The disconnect between the economic policies of the GOP and the interests of their most reliable voters has been a recurring theme for the self-styled “Reform Conservatives,” who often borrowed Tim Pawlenty’s line that the GOP needed to become the party of “Sam’s Club,” not just the country club.
But as the Reformicons’ influence has grown, their demands have been watered down: the budget plan recently unveiled by Marco Rubio and Mike Lee, supposedly a new acme of Reformicon thinking, buys off traditional Republicans with the elimination of taxes on investment and inherited income before timorously cutting in the “Sam’s Club” voters with an enhanced child tax credit (plus an enhanced EITC for the working poor).
Some libertarian-oriented Republicans also claim to be promoting a new right-wing economic populism via attacks on corporate subsidies or “crony capitalism.” But again, this is at best a syncretic approach, since these self-same “populists” are avid to reduce or eliminate taxes on or even regulation of the corporations they are savaging as fascistic leeches.
But at least two prospective GOP candidates for president in 2016 seem inclined to take an edgier approach to the task of appealing to the economic views of working-class conservatives — both of them candidates who have experienced considerable success in the past appealing to their cultural resentments.

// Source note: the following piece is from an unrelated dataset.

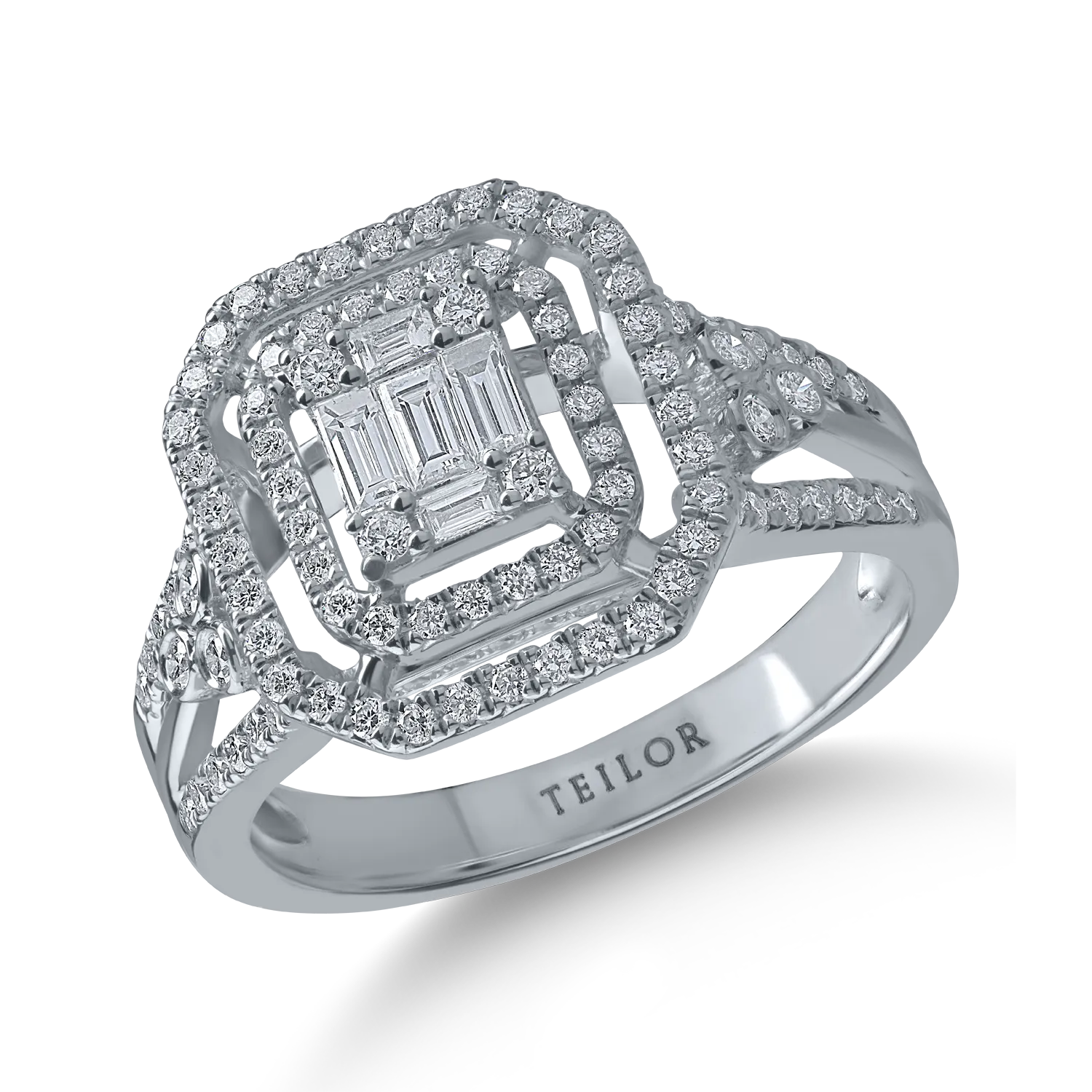Geometryczny pierścionek z białego złota z diamentami o masie 0.7ct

Rick Santorum’s distinctive pitch so far in the 2016 invisible primary has been to match rhetorical appeals to white working class voters with a very specific hostility to legal as well as illegal immigration as the alleged reason for underemployment and wage stagnation. It’s sort of like an AFL-CIO argument circa 1990 with everything other than one subject blotted out.
But Mike Huckabee shows signs of going significantly further. He got a lot of credit in 2008 for being a “populist” initially because he refused to go along with GOP cheerleading over the George W. Bush economy, and subsequently because he feuded with fiscal hardliners — especially the Club for Growth (which Huckabee called the “Club for Greed”) — over his record in Arkansas. This time around he’s earning the “populist” label by criticizing two shibboleths of contemporary conservatism: free trade and “entitlement reform.”
In both cases, he’s mining grass-roots conservative disgruntlement with Republican orthodoxy. Moreover, he’s linking these economic complaints about the agenda of conservative business elites to his longstanding and more-pointed-than-ever attacks on the cultural agenda of liberal elites.
But it is possible Huckabee (and perhaps Santorum, and maybe other opportunistic candidates down the road) could succeed in scaring away others from those economic positions of the Wall Street Journal editorial board that actual Republican voters do not like. And short of that, if something a bit closer to real “populism” than the token gestures of Reformicons and libertarians is crushed by party elites, the GOP could be exposed to some dangerous inroads from Democrats, who look to be far less reluctant to offend wealthy donors this cycle.